Even a trace of a breeze would have provided some respite from the dry, sweltering heat in the Aravalis. A lone bird circled at a considerable height. It must be parched too, I thought to myself. “Car number two for you Madam,” I was told by the attendant. “It’s still on the tracks. Two laps to go.” I waited, facing the grandstands that wore an abandoned look, the plastic seats painted in colours of the Indian flag, covered against the glare and heat. At 46 degrees, they would have discoloured, if not melted. What a sight it must have been when the F1 races for the Indian Grand Prix took place here in October last year with more than 95,000 people screaming their guts out as they witnessed Red Bull’s Sebastian Vettel lift the trophy. I walked towards the pit stops. The nameplates of Jenson Button, Felipe Massa, Lewis Hamilton and Michael Schumacher amongst others were reminiscent of the fact that they had been here not too long ago. The peculiar silence of the venue was broken by the occasional roar of the engines. Even with a deserted look, in scorching temperatures, Buddh International Circuit in Noida was definately a majestic sight.
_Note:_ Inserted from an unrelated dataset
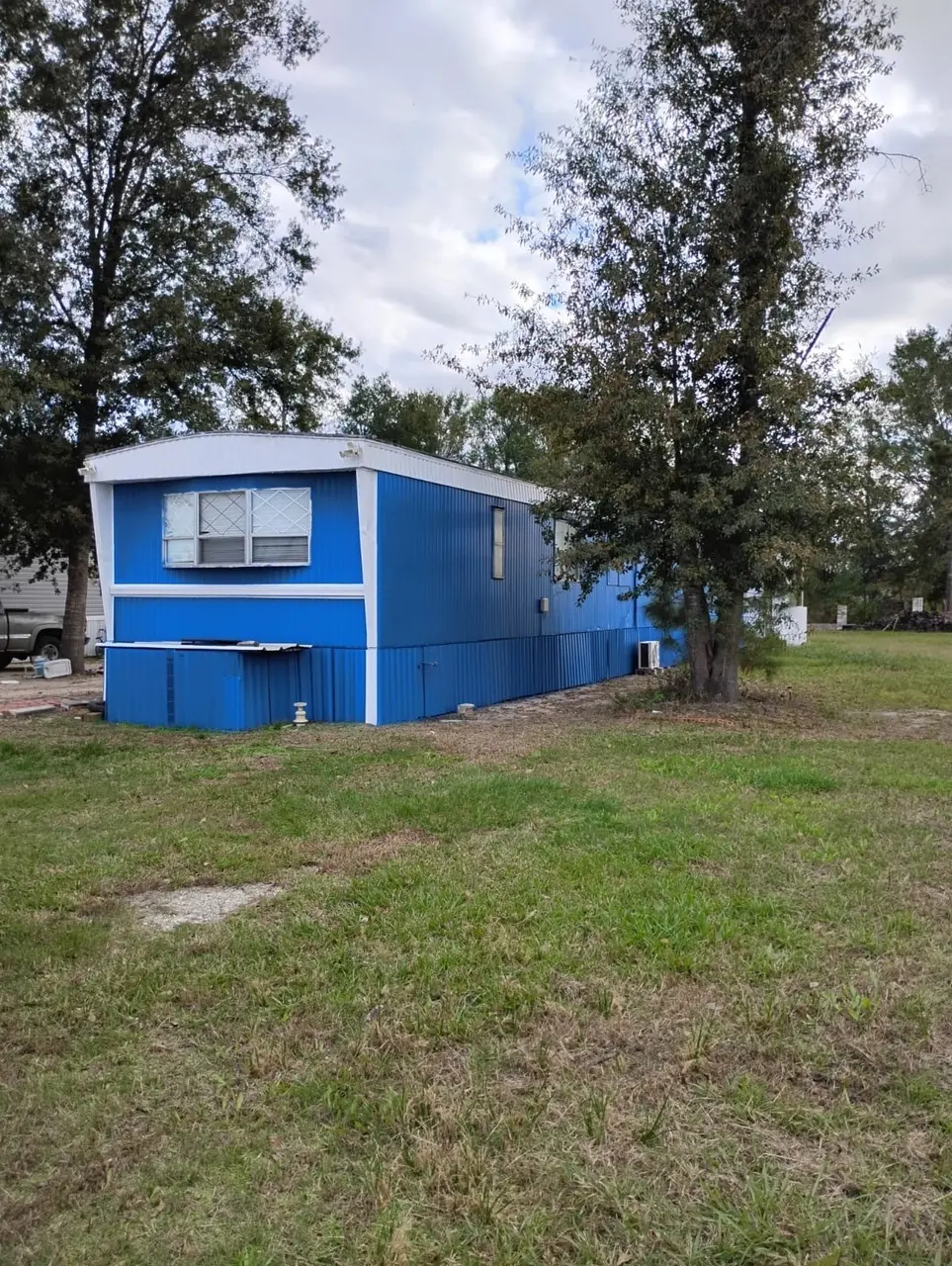154 Road 5215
“Your car is ready,” the attendant called out. I had never steered in a left hand drive so I admit that I was apprehensive. The version that will hit Indian roads later in the year is an automatic transmission but this one was manual and that made me more anxious. Will I be able to control the vehicle at high speed whilst shifting gears? From a distance, the compact Sports Tourer with its noticeably long wheelbase looked like a spacious hatchback. The large grille on the low bonnet and a high roofline added to its distinctiveness. The Mercedes-Benz, B-Class came to a screeching halt near where I stood. The trainer, a racer himself, welcomed me with a smile as he revved the engine. I got in.
The plush interior space with its fine leathered upholstery, sporty aircraft-like afterburner AC vents, a large glove box and plenty of well-appointed storage spaces were luxurious. There was ample room for heads and knees, even in the rear. The trainer drove the first three laps to get me acclimatised to this mean machine and the sharp curves of the racetrack. Till the third gear, things were fine but when he shifted to the fourth, fifth and finally sixth, I was blown away, literally. After all, under the bonnet, lay a 1.6-litre, four-cylinder, direct-injection turbo-petrol engine that was making 156bhp and 25.5kgm of torque. The adrenaline rush was apparent.
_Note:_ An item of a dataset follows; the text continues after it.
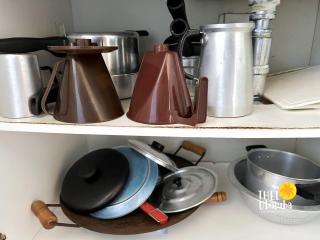 Confortável e bem equipado, com roupa de cama Itaguá IG - 1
Three laps later, it was my turn to take the wheel and I was enthused. The driving position was easy enough to get comfortable but nothing, really nothing prepares you for the sharp, unexpected curves and interesting corners. At turn two, as I came downhill and went up looking into the sky, it took me a few seconds to notice the hairpin. Taking a cue from all the Bond movies I had watched, my reflexes told me I should take a full turn. With power steering, it was an obvious miscalculation and that’s when my car turned a few extra inches. But the B-Class displayed good body control, a reasonably direct steering and fantastic grip levels. I was back on track. It was electrifying.
I am not quite sure how long I took to complete the 5.14 km long circuit but driving it at 160 kmph was breathtaking indeed. In hindsight, I am glad it wasn’t an automatic car. After all, nothing beats the thrill of driving when you put your foot on the accelerator and shift the gear manually into top speed. Everything else can wait!